* What is needed *
Take the data below and copy exactly the lines starting at the one with "AZZA GALEFORCE 360mm" and finishing at the one with "2025 Audi A6 Avant", both included.

* Source material *
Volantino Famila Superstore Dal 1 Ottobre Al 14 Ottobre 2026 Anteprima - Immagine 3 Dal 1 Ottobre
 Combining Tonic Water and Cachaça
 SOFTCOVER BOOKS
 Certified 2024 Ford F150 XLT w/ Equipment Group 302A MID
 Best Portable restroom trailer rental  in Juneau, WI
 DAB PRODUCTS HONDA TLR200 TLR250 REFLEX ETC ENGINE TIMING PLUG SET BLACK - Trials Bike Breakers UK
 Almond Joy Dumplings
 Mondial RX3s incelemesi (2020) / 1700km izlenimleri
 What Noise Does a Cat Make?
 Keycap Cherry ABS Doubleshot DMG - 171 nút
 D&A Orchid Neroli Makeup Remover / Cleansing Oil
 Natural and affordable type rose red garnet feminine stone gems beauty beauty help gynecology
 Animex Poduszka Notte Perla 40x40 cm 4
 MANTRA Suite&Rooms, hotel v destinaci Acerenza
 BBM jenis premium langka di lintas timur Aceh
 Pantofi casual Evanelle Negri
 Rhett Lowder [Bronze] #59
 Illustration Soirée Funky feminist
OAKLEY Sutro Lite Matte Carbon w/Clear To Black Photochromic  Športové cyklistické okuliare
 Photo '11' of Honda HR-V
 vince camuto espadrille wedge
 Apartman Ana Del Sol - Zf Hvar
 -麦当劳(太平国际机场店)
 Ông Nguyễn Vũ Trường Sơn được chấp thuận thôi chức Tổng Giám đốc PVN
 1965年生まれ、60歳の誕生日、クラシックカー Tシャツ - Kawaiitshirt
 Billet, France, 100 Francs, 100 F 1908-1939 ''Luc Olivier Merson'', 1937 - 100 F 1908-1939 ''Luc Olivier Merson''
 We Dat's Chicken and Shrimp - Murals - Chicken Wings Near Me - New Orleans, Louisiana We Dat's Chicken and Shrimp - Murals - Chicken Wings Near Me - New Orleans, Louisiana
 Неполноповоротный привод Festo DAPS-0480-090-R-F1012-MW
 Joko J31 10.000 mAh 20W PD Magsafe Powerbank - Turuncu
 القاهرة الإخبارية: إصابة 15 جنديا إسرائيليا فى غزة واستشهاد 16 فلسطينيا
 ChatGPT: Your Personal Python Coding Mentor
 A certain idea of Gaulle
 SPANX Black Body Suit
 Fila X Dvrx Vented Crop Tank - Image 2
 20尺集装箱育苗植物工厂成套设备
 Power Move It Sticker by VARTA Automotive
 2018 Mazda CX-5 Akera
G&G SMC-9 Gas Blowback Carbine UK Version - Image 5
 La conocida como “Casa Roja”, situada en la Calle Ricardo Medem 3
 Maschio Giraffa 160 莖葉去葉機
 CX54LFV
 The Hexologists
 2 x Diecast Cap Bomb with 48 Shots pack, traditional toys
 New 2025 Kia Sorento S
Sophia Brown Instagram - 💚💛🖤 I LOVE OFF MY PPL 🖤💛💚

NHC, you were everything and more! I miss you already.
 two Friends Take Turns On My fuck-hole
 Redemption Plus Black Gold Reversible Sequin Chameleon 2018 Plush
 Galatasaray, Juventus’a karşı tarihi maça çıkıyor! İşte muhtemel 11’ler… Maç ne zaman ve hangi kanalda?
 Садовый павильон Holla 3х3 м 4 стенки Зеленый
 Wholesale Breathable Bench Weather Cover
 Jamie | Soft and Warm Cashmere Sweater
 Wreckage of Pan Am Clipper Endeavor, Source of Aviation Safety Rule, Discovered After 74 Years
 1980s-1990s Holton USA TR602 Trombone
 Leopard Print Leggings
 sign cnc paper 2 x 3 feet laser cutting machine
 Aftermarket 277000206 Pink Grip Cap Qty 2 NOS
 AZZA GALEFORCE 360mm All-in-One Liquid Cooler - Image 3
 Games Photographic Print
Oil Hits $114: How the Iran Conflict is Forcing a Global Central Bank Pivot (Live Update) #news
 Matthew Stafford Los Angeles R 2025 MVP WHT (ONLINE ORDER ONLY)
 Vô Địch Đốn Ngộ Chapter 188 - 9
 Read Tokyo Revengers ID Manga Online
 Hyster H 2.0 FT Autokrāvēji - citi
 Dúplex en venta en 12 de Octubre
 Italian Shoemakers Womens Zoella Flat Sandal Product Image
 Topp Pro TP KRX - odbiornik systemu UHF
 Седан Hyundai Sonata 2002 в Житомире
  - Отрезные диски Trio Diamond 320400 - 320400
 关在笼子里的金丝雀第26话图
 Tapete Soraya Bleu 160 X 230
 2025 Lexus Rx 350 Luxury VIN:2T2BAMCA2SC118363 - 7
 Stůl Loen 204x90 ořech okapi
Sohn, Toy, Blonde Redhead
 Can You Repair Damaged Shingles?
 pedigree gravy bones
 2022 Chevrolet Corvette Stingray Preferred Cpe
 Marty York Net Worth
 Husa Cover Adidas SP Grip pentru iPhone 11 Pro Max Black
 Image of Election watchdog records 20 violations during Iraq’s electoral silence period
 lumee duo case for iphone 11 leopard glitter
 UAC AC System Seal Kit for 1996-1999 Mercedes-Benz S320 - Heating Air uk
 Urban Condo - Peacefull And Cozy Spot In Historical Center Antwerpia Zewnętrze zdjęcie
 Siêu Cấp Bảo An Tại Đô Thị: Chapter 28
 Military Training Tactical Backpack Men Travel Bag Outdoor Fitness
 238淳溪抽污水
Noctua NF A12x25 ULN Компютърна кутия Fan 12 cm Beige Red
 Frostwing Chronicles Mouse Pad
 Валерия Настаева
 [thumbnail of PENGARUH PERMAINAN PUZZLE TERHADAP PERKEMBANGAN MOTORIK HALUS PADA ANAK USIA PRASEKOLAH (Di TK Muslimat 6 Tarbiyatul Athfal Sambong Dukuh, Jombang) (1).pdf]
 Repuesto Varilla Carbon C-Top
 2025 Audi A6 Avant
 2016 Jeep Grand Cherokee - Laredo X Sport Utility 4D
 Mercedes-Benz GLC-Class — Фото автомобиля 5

* Response below *
 AZZA GALEFORCE 360mm All-in-One Liquid Cooler - Image 3
 Games Photographic Print
Oil Hits $114: How the Iran Conflict is Forcing a Global Central Bank Pivot (Live Update) #news
 Matthew Stafford Los Angeles R 2025 MVP WHT (ONLINE ORDER ONLY)
 Vô Địch Đốn Ngộ Chapter 188 - 9
 Read Tokyo Revengers ID Manga Online
 Hyster H 2.0 FT Autokrāvēji - citi
 Dúplex en venta en 12 de Octubre
 Italian Shoemakers Womens Zoella Flat Sandal Product Image
 Topp Pro TP KRX - odbiornik systemu UHF
 Седан Hyundai Sonata 2002 в Житомире
  - Отрезные диски Trio Diamond 320400 - 320400
 关在笼子里的金丝雀第26话图
 Tapete Soraya Bleu 160 X 230
 2025 Lexus Rx 350 Luxury VIN:2T2BAMCA2SC118363 - 7
 Stůl Loen 204x90 ořech okapi
Sohn, Toy, Blonde Redhead
 Can You Repair Damaged Shingles?
 pedigree gravy bones
 2022 Chevrolet Corvette Stingray Preferred Cpe
 Marty York Net Worth
 Husa Cover Adidas SP Grip pentru iPhone 11 Pro Max Black
 Image of Election watchdog records 20 violations during Iraq’s electoral silence period
 lumee duo case for iphone 11 leopard glitter
 UAC AC System Seal Kit for 1996-1999 Mercedes-Benz S320 - Heating Air uk
 Urban Condo - Peacefull And Cozy Spot In Historical Center Antwerpia Zewnętrze zdjęcie
 Siêu Cấp Bảo An Tại Đô Thị: Chapter 28
 Military Training Tactical Backpack Men Travel Bag Outdoor Fitness
 238淳溪抽污水
Noctua NF A12x25 ULN Компютърна кутия Fan 12 cm Beige Red
 Frostwing Chronicles Mouse Pad
 Валерия Настаева
 [thumbnail of PENGARUH PERMAINAN PUZZLE TERHADAP PERKEMBANGAN MOTORIK HALUS PADA ANAK USIA PRASEKOLAH (Di TK Muslimat 6 Tarbiyatul Athfal Sambong Dukuh, Jombang) (1).pdf]
 Repuesto Varilla Carbon C-Top
 2025 Audi A6 Avant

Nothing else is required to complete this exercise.